Villarreal narra que el odio de su vida fue un odio jovial hacia una exnovia con la que estuvo alrededor de ocho meses, misma que añoraba vivir como pequeñoburguesa y exigirle pagar las cuentas del supermercado aunque ella ganara tres veces más, una mujer que se asemejaba más a un Señor Feudal, que a otra cosa. En alguna ocasión ambos viajaban en el transporte público, cuando en un alto un pobre hombre corría hacia la caja de monedas del chofer, robándole algunas, acto seguido el chofer iría tras él propinándole una tremenda golpiza. El hombre yacía ahí con la cara hinchada y las manos llenas de sangre, mientras que todos en el autobús, incluso la novia de Rogelio, festejaban el “acto de justicia”. ¡Bravo chófer, muy bien!, coreaban mientras veían al pobre hombre llorar de dolor, no conforme con la golpiza, ahora un policía lo jalaba de los cabellos para subirlo a una patrulla. Rogelio cuenta que ese mismo día corrió a esa novia del departamento, y que nunca había sentido tanto odio por una sola persona en toda su vida, por una mujer sin sentimientos, sin compasión.
Los odios de Rogelio no son gratuitos. Rogelio aboga por causas justas. Pero esas causas no son justas tan sólo por estar sustentadas en una petición de Change, o por ser referidas como tales desde la pluma de un periodista mesiánico. Así como partirle la cara a un hombre por robar unas cuantas monedas, someterlo a la burla desalmada —aunque la ley diga que está cometiendo un delito— los medios utilizados para castigar al ladronzuelo son totalmente injustos y hay que tomar distancia frente al grito inquisitivo de los “justos”. De igual manera, no podemos hacer juicios homogéneos de aquello que es justo o injusto a partir de versiones unilaterales de los hechos.
Dice Rogelio que un periodista, un cronista, tiene que atacar todos los frentes, para así tomar, una postura imparcial. Su compromiso es con la verdad, no con la militancia. Su compromiso es con mantener un ánimo sereno, neutral, escribir con la razón, no con las vísceras; sólo así se consigue una versión justa. Sin omisiones, sin sacerdocio social, pero sobre todo sin falacias. Sin ese recurrente accesorio de la mentira que elucubra una serie de intereses, que van desde canonizarse como autoridad moral, hasta legitimarse para ser portavoz de algún tipo de proselitismo político, beneficios egoístas, ajenos a eso que alguna vez se quiso reconocer como periodismo.

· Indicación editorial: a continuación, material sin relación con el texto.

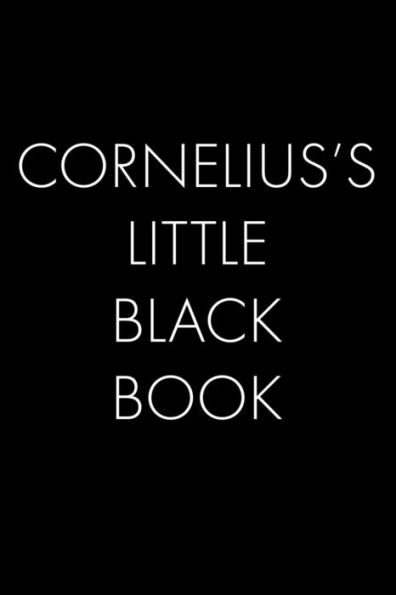 Cornelius's Little Black Book: The Perfect Dating Companion For A Handsome Man Named Cornelius. A Secret Place For Names, Phone Numbers, And Addresses.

¿Qué hace usted en un libro como éste?, es una obra pensada desde ese “yo”, que ante el desbordamiento de experiencias que no puede contener una sola memoria, se fuga en quince historias de matices profundos y emotivos, dejando testimonio de lo vivido por Rogelio en su pasado. Las crónicas ultrajantes de nuestro autor, merodean el estilo del ensayo crítico, de las notas personales y hasta podría decir, que de la más pura narrativa literaria, dejándonos estampas de la cotidianidad de Villarreal, mezcladas siempre con ese acento polémico y reflexivo, que tanto se goza de él. Porque no son historias construidas para el mero deleite estético, sino que, por muy sutil que sea, asumen una postura, una preocupación. Porque como lo dije desde el inicio, Rogelio es un hombre que no se queda callado, es un hombre de convicciones, que defiende su punto de vista así le cueste amistades —espero nunca ser una de esas pérdidas—.
Y no es por nada, pero después de leer el libro de Rogelio, he de confesar que sentí mucha envidia, esa que sólo puede expresar alguien joven y con tan limitada experiencia como yo bajo la siguientes palabras: “¡Uf, él sí que ha vivido!”.